Currently French only has gold dictionary, so this parameter is reserved for future use and consistency with English. Defaults to True for consistency.
- load_gold: If True, load gold tier dictionary.
Defaults to True for maximum quality and coverage. Set to False when ultra-fast initialization is needed.
- Raises:
ValueError: If both use_espeak_fallback and use_goruut_fallback are True.
- property fallback: FrenchFallback | FrenchGoruutFallback | None
Lazily initialize the appropriate fallback.
- property regex_tokenizer: RegexTokenizer
Lazily initialize the regex tokenizer.
- property spacy_tokenizer: SpacyTokenizer
Lazily initialize the spaCy tokenizer.
- __call__(text: str) list[GToken][source]
Convert text to a list of tokens with phonemes.
- Args:
text: Input text to convert.
- Returns:
List of GToken objects with phonemes assigned.
Lexicon
- class kokorog2p.fr.FrenchLexicon(load_silver: bool = True, load_gold: bool = True)[source]
Bases:
objectDictionary-based G2P lookup for French with gold dictionary.
- __init__(load_silver: bool = True, load_gold: bool = True) None[source]
Initialize the French lexicon.
- Args:
- load_silver: If True, load silver tier dictionary if available.
Currently French only has gold dictionary, so this parameter is reserved for future use and consistency with English. Defaults to True for consistency.
- load_gold: If True, load gold tier dictionary.
Defaults to True for maximum quality and coverage.
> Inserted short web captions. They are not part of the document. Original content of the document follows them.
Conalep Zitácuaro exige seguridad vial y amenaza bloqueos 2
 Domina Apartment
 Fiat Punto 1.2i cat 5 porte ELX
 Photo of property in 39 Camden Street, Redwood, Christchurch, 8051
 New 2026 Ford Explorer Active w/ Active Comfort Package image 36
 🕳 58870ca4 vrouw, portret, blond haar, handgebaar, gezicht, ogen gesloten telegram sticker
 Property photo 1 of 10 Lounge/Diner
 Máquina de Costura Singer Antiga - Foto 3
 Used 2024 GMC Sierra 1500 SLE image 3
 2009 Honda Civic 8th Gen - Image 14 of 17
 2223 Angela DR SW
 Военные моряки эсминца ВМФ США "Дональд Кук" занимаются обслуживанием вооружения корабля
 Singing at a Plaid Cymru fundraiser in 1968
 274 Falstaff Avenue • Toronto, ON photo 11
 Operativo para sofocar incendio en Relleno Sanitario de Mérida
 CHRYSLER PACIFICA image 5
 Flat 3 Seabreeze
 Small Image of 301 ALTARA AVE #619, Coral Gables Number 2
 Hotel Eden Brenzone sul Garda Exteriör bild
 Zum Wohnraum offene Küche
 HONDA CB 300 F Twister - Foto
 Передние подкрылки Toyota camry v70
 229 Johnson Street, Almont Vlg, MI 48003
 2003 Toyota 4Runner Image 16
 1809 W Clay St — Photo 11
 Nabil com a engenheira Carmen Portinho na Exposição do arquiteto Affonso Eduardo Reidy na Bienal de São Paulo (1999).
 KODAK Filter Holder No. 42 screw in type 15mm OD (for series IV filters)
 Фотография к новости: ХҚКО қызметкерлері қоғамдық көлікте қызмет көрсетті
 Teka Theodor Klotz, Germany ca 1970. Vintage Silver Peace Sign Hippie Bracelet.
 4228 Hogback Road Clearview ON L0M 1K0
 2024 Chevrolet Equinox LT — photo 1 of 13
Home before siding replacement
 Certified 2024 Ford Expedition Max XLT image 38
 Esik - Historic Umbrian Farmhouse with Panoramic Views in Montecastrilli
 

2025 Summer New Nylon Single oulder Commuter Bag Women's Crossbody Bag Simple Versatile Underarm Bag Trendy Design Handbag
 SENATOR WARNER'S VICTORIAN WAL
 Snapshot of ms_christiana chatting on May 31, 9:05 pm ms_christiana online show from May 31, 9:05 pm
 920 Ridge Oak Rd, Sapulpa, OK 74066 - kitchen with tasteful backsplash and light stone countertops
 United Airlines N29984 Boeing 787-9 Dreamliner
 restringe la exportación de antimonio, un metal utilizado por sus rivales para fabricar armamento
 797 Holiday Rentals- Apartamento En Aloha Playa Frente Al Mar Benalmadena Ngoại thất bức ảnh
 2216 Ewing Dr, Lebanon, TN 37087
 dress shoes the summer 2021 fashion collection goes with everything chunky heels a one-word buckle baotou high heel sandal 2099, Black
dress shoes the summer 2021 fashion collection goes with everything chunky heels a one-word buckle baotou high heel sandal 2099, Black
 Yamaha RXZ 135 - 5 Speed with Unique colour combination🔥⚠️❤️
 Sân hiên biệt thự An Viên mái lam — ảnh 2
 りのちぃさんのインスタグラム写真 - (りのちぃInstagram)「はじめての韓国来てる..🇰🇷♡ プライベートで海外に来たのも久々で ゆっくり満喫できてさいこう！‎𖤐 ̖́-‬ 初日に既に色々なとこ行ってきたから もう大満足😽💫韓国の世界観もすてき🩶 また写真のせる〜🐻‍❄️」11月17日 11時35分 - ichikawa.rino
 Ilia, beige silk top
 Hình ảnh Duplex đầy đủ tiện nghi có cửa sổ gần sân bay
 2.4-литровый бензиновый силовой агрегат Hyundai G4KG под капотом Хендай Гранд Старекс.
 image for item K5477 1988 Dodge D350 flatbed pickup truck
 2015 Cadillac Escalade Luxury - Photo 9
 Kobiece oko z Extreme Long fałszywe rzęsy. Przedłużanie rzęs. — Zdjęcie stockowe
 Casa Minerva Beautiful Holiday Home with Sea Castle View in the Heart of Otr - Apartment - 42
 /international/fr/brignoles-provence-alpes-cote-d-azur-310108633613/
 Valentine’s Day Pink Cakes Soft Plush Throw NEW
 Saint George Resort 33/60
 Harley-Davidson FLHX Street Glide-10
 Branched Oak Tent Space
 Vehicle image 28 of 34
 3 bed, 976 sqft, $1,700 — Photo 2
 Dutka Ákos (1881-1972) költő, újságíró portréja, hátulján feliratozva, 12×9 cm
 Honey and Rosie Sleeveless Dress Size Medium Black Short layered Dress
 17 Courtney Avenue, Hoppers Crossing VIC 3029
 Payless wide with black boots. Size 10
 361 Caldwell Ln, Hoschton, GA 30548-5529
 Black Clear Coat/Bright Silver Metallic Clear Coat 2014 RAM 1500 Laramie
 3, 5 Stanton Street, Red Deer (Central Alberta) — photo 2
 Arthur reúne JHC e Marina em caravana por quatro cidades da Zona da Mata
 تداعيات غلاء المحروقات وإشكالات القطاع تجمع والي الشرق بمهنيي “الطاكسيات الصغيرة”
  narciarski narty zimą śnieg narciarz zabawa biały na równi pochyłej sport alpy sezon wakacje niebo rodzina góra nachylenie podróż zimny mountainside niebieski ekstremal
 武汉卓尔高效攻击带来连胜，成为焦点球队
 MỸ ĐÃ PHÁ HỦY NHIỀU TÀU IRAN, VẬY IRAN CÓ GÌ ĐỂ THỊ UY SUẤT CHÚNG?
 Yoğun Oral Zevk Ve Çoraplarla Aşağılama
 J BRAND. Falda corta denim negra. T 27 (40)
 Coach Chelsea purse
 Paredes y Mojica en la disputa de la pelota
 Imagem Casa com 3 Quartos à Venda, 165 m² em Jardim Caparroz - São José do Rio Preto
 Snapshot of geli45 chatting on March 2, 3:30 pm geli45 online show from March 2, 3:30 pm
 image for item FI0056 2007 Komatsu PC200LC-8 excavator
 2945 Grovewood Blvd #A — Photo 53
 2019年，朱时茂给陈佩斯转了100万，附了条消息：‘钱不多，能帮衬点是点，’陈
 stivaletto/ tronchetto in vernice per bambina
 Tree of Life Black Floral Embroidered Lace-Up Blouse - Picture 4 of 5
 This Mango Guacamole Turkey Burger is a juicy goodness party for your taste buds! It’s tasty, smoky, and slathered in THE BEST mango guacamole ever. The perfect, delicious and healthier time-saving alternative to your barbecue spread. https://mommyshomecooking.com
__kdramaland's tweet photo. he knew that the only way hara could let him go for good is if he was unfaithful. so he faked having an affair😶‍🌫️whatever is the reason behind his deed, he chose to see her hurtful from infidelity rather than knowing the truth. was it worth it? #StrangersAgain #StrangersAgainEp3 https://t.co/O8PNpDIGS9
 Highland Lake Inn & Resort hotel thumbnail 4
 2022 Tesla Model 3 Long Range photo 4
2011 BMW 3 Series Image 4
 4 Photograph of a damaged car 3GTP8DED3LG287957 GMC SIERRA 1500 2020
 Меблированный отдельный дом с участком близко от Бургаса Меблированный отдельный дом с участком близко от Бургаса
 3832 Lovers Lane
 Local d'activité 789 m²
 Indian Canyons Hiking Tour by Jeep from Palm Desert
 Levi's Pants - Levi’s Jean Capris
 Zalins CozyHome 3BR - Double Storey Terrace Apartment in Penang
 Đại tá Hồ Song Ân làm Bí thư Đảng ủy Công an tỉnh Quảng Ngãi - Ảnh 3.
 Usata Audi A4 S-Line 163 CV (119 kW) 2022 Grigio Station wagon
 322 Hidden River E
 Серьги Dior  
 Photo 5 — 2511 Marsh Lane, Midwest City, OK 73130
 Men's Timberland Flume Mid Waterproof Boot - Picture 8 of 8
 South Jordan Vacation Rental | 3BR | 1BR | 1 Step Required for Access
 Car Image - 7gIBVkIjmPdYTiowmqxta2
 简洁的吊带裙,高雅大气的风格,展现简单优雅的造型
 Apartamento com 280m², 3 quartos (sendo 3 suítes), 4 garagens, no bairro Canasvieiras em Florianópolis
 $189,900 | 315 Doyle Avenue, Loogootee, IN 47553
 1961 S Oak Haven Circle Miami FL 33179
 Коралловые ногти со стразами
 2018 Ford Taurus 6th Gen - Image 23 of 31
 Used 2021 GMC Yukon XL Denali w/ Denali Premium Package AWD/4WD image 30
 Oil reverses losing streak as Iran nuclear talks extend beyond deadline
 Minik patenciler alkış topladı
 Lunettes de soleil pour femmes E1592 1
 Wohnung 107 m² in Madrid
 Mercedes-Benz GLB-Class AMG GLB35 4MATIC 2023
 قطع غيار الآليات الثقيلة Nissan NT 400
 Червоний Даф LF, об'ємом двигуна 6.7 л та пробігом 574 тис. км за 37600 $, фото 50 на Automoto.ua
Set to False when ultra-fast initialization is needed.
- lookup(word: str, tag: str | None = None, ctx: TokenContext | None = None) tuple[str | None, int | None][source]
Look up a word in the lexicon.
- Args:
word: Word to look up. tag: POS tag (optional). ctx: Token context (optional).
- Returns:
Tuple of (phonemes, rating) or (None, None) if not found.
Number Conversion
Helper Functions
- kokorog2p.fr.numbers.number_to_french(n: int, ordinal: bool = False) str[source]
Convert a number to French words using num2words.
- Args:
n: Integer to convert. ordinal: If True, return ordinal form (premier, deuxième, etc.)
- Returns:
French word representation.
- Raises:
ImportError: If num2words is not installed.
- Example:
>>> number_to_french(42) 'quarante-deux' >>> number_to_french(1, ordinal=True) 'premier'
- kokorog2p.fr.numbers.expand_numbers(text: str, max_value: int = 1000000) str[source]
Expand numbers in text to French words.
- Args:
text: Text containing numbers. max_value: Maximum value to expand (larger numbers kept as-is).
- Returns:
Text with numbers expanded.
- Example:
>>> expand_numbers("J'ai 3 pommes et 42 oranges.") "J'ai trois pommes et quarante-deux oranges."
- kokorog2p.fr.numbers.expand_time(text: str) str[source]
Expand time expressions like 14h30.
- Args:
text: Text containing time expressions.
- Returns:
Text with times expanded.
- Example:
>>> expand_time("Le rendez-vous est à 14h30.") 'Le rendez-vous est à quatorze heures trente.'
- kokorog2p.fr.numbers.expand_currency(text: str) str[source]
Expand currency amounts.
- Args:
text: Text containing currency amounts.
- Returns:
Text with currency expanded.
- Example:
>>> expand_currency("Ça coûte 5€.") 'Ça coûte cinq euros.'
Examples
from kokorog2p.fr import FrenchG2P
g2p = FrenchG2P(language="fr-fr")
tokens = g2p("Bonjour le monde!")
for token in tokens:
print(f"{token.text} -> {token.phonemes}")